When you reach the line with "1 Valla Close, Kewarra Beach QLD 4879" in the listing below, transcribe it and each line after it up to and including the line with "闪耀2023 CICEE!看", exactly and with nothing else.

# INPUT FOR THIS TASK
****************************************

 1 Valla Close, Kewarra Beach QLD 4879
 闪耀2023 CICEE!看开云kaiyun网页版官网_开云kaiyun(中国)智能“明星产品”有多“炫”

****************************************

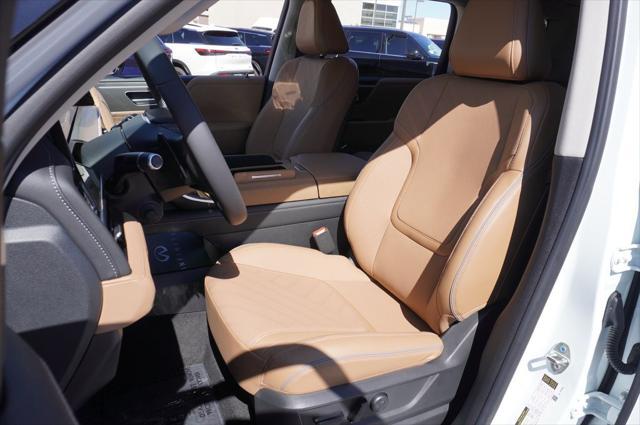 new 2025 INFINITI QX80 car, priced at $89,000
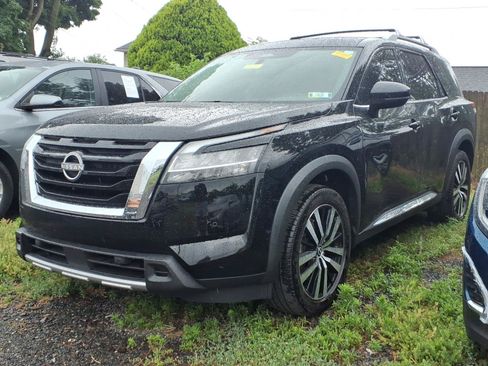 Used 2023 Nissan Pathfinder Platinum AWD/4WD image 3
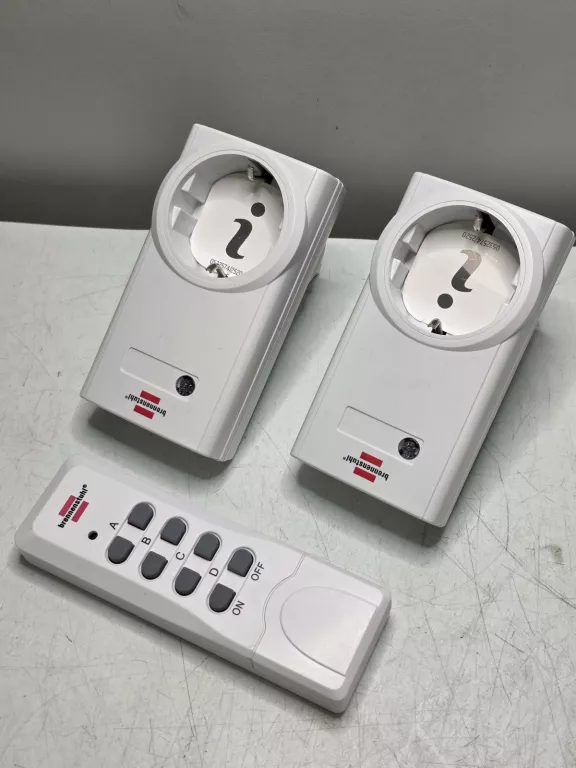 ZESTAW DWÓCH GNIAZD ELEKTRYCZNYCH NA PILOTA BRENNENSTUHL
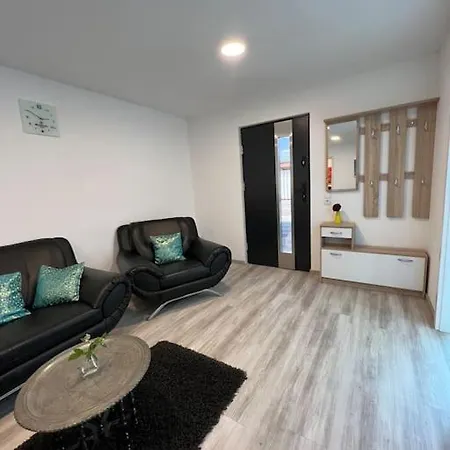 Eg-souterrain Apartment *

****************************************

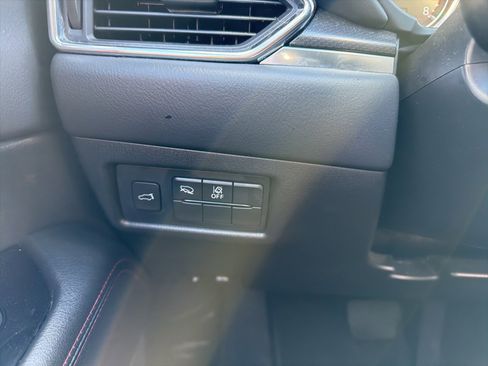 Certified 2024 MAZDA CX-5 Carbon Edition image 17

****************************************

# ANSWER SECTION
 1 Valla Close, Kewarra Beach QLD 4879
 闪耀2023 CICEE!看开云kaiyun网页版官网_开云kaiyun(中国)智能“明星产品”有多“炫”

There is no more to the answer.